*** Block opens ***
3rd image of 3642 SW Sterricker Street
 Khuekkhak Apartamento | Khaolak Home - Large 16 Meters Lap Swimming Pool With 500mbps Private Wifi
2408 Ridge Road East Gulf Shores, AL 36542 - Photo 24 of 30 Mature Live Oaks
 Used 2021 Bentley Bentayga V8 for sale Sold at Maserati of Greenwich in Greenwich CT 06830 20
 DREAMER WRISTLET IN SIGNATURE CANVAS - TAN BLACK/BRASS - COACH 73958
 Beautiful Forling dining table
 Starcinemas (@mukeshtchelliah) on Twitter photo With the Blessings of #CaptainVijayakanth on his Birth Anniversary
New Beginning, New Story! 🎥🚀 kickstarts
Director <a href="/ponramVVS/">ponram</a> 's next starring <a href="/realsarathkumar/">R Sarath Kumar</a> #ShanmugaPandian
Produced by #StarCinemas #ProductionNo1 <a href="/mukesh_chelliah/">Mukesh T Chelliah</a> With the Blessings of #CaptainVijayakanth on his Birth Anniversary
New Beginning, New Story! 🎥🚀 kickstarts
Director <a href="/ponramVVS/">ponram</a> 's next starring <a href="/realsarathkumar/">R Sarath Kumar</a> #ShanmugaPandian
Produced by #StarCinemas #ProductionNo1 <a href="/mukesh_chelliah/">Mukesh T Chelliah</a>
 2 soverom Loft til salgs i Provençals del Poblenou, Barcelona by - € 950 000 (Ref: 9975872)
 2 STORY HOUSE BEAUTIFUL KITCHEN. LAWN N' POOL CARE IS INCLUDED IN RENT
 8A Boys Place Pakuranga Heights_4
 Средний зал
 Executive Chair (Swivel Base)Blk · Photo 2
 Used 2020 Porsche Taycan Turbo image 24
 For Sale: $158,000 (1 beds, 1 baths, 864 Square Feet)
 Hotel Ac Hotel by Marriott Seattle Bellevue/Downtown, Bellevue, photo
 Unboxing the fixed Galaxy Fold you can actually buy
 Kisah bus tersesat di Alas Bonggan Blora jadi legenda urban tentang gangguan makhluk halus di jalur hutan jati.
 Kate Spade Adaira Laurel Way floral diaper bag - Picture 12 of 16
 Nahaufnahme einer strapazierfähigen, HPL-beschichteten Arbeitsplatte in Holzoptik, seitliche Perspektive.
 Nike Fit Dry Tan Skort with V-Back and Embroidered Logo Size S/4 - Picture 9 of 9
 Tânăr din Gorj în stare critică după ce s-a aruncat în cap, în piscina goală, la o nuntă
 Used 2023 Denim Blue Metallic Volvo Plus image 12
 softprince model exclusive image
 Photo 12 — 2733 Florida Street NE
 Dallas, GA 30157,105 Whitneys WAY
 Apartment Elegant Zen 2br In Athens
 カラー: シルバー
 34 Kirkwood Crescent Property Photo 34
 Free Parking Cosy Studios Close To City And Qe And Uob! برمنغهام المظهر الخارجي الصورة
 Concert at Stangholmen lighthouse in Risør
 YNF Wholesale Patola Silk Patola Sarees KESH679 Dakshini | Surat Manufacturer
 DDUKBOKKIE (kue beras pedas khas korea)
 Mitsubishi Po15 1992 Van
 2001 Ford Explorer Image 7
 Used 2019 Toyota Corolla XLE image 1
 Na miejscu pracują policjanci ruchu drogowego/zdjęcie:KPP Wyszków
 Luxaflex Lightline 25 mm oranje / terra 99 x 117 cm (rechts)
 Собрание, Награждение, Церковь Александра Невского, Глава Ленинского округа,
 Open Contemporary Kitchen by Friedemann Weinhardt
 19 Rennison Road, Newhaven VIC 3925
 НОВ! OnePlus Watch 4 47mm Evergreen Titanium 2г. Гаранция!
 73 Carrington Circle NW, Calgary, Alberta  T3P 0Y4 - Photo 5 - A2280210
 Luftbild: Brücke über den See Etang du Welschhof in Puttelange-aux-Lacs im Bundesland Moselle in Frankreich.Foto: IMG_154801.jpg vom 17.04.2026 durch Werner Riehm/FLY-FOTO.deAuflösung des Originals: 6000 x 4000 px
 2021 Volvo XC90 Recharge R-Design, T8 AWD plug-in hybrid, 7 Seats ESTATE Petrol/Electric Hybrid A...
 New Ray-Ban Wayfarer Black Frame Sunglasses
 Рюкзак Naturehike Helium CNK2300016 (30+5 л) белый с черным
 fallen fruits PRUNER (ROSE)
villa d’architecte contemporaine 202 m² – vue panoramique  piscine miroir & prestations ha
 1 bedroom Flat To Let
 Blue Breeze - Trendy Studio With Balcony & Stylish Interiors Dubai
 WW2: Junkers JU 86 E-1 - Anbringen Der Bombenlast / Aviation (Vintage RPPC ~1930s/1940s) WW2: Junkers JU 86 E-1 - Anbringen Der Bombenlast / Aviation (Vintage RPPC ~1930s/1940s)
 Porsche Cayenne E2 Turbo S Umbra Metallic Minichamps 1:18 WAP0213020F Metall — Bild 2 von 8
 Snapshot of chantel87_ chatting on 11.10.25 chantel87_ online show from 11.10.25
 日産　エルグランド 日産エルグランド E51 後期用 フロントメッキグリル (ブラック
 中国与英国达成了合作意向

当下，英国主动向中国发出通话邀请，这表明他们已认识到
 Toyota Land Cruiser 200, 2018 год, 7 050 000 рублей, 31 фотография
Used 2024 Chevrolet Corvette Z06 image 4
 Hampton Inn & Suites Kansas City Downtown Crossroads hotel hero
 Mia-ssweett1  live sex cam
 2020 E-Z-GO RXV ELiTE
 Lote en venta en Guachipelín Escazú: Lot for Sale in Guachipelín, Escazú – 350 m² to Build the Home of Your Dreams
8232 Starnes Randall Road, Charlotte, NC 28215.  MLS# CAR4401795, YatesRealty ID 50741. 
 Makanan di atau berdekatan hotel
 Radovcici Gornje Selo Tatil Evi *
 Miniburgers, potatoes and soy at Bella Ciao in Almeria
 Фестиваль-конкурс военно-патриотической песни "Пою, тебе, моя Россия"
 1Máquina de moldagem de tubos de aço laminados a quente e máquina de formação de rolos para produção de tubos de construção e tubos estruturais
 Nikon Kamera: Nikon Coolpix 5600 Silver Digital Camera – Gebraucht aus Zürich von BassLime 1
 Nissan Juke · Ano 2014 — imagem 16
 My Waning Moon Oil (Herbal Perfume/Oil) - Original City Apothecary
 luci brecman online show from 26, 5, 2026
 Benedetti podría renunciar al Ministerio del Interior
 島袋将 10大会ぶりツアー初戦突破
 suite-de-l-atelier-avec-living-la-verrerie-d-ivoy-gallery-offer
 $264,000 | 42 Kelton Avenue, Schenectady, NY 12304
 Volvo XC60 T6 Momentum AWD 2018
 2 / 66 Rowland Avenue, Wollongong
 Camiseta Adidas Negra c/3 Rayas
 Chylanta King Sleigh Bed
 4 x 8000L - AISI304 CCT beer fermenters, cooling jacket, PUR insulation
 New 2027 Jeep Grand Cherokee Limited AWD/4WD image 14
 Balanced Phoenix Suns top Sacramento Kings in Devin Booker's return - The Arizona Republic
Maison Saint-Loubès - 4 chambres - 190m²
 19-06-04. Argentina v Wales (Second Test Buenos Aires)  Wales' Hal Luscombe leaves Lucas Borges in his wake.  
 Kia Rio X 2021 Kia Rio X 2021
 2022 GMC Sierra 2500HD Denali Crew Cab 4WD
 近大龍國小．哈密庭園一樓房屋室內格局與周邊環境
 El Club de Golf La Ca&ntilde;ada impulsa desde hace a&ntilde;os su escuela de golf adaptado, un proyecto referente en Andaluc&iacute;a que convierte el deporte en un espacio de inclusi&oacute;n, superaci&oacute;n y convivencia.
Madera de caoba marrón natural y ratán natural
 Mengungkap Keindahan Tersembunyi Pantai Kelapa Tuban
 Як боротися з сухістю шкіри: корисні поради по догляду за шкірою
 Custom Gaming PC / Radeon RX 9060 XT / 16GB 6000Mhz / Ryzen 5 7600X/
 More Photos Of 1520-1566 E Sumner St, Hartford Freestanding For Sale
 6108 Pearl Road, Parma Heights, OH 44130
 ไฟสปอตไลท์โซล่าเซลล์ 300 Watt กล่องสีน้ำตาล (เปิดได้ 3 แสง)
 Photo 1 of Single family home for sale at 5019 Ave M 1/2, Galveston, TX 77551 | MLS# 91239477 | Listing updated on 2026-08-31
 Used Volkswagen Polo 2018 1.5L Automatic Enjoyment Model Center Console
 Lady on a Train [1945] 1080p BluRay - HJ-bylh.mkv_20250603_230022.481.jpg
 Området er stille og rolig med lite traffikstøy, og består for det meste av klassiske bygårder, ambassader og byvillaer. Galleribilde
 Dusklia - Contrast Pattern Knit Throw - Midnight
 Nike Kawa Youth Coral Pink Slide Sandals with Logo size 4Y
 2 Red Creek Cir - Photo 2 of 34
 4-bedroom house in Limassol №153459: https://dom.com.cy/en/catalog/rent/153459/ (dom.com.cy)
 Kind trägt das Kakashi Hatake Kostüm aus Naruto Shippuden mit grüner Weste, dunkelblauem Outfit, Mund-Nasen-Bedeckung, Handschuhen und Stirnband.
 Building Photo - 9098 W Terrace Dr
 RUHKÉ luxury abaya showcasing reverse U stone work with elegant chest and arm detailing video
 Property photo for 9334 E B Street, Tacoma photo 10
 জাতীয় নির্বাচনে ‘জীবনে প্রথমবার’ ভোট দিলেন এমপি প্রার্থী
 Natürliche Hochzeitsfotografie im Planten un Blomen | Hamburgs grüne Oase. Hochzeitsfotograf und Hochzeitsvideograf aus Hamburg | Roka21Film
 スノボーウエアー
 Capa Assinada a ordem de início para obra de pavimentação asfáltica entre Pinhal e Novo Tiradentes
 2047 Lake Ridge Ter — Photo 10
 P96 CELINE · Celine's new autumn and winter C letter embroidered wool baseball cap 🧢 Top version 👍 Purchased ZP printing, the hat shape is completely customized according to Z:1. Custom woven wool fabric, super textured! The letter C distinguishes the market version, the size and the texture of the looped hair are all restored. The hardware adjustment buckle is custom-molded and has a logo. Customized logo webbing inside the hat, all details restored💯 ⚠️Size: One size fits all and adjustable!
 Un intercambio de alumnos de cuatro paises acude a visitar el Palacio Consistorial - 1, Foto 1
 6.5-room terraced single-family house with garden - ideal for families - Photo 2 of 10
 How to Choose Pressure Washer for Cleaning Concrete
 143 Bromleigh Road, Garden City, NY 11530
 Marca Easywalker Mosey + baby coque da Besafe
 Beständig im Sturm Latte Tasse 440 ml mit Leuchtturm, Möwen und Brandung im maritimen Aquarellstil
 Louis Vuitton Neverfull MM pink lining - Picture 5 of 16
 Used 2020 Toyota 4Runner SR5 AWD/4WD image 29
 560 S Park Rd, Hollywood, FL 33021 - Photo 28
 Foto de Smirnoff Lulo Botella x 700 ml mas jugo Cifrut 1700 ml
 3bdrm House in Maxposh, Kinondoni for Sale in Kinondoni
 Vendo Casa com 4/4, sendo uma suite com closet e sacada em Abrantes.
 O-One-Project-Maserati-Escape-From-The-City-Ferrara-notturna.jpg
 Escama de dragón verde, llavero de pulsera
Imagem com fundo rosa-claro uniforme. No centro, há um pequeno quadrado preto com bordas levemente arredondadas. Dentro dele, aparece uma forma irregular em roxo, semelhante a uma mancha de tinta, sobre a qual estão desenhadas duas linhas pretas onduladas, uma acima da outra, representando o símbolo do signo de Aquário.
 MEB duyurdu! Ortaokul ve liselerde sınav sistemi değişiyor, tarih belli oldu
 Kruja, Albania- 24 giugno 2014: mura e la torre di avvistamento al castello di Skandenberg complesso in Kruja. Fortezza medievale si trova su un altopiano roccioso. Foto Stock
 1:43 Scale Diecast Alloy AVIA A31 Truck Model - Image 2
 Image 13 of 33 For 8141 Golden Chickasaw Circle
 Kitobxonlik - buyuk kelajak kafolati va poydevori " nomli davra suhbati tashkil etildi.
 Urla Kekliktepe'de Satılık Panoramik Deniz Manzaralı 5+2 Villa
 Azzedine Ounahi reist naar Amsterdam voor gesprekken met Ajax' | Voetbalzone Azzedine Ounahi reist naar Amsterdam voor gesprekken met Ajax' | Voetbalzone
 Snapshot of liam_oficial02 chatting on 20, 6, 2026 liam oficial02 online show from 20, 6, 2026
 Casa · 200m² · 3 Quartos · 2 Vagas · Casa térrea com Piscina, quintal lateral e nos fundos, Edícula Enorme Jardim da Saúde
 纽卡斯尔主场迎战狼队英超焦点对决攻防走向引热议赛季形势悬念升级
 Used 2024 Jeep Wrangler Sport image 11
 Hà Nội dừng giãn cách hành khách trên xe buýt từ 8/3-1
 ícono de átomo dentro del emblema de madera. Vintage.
*** Block closes ***
Assigned task:
From the records above, extract exactly and only the lines that begin at the line with "জাতীয় নির্বাচনে ‘জীবনে" and stop after the line with "2047 Lake Ridge Ter — Photo 10".

Solved problem:
 জাতীয় নির্বাচনে ‘জীবনে প্রথমবার’ ভোট দিলেন এমপি প্রার্থী
 Natürliche Hochzeitsfotografie im Planten un Blomen | Hamburgs grüne Oase. Hochzeitsfotograf und Hochzeitsvideograf aus Hamburg | Roka21Film
 スノボーウエアー
 Capa Assinada a ordem de início para obra de pavimentação asfáltica entre Pinhal e Novo Tiradentes
 2047 Lake Ridge Ter — Photo 10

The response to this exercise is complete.